Más eficiente —hasta que se ha cansado, harta de comerse marrones— ha sido la trianera ministra de Hacienda y Función Pública, María Jesús Montero, que se ha zafado con esa ufanía que la caracteriza, con los precios de la factura eléctrica atribuyéndoselos sin sonrojarse a los gobiernos de Aznar y de Rajoy. Ahí queda eso. Ocurre que la que ha estado desaparecida ha sido la inicialmente flamante ministra de Política Territorial y Portavoz del Gobierno, Isabel Rodríguez, que ha perdido la canícula para demostrar que Sánchez no se ha confundido al designarla como el rostro mediático del Ejecutivo tal y como en ámbitos políticos y periodísticos se está temiendo. De los demás ministros recién nombrados, poco que contar, más allá de un par de apariciones rituales de Félix Bolaños al que ya es obvio que le falta el rango vicepresidencial como breve interlocutor de la oposición a propósito de la crisis provocada por los talibanes.
Todos los asuntos acaecidos en lo que va de agosto hubieran merecido una respuesta gubernamental que acreditase que el nuevo equipo conformado por Sánchez el mes pasado disponía de la lozanía y la habilidad que el anterior había perdido. No solo no ha sido así, sino que se ha echado en falta a Carmen Calvo que estaba al pie del cañón con mayor o menor acierto y las ocurrencias comunicativas de Iván Redondo que hubiese manejado algo mejor las cuentas en redes sociales del presidente del Gobierno.

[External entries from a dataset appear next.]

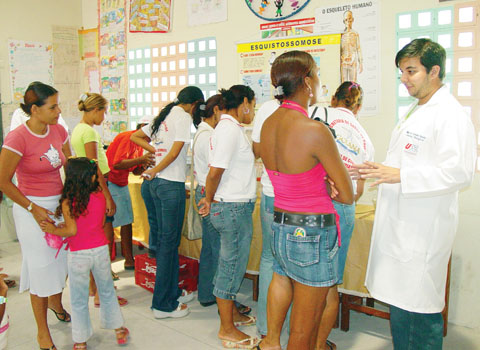  Técnicos da prefeitura e do CPqAM levam informação sobre a doença a moradores (Foto: Paula Lourenço) 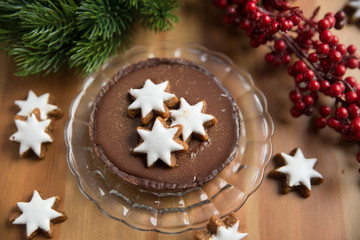 Schokoladen Tartelette mit Zimtsternen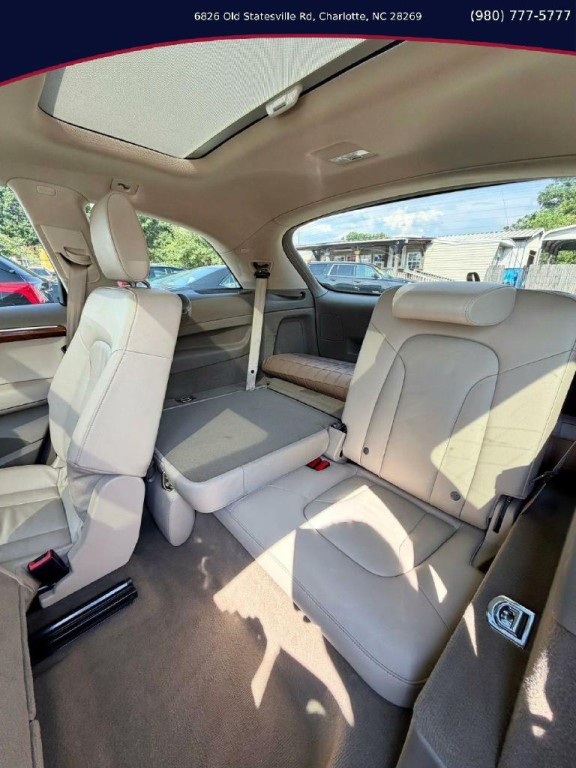 2015 Audi Q7 Image 9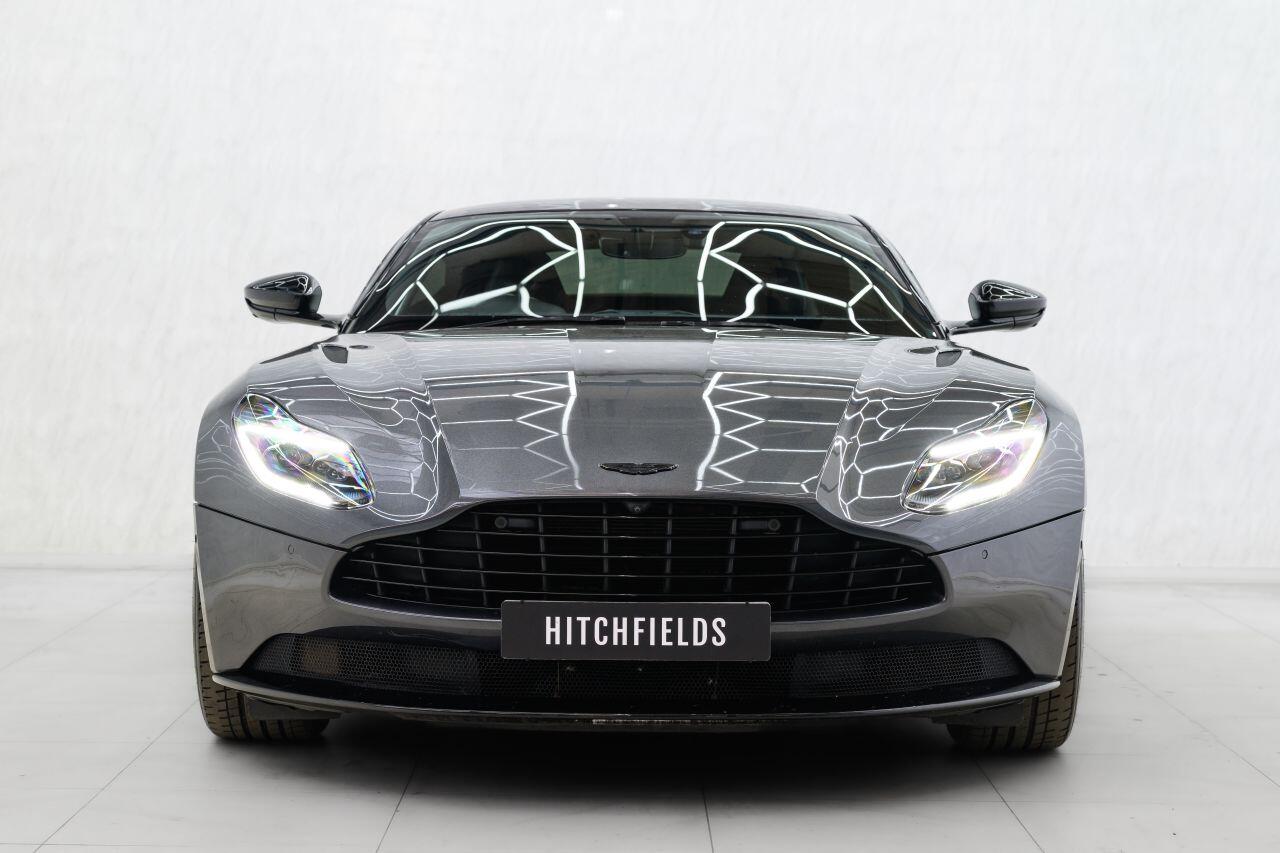 Aston Martin DB11 view 4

Pedro Sánchez, de manera personalísima, y su equipo en el Ejecutivo, han consumado unas vacaciones fallidas en términos políticos durante las que han despuntado todas las insuficiencias que se creyeron soslayar con la crisis de julio: falta de reflejos, promesas incumplidas, desconcierto ante acontecimientos sobrevenidos, silencios crípticos y contradicciones por partida doble, entre los socios en el Consejo de Ministros y entre lo que se hace y lo que se dice en su progresista programa de coalición. Una coalición que, ya sin Iglesias y con Díaz, sigue sin funcionar. Demasiado tiempo en La Mareta… Y en alpargatas. Es cierto así que una imagen vale más que mil palabras cuando de comunicación política se trata, por más que con la anécdota chusca del calzado presidencial se haya incurrido en una hipérbole política.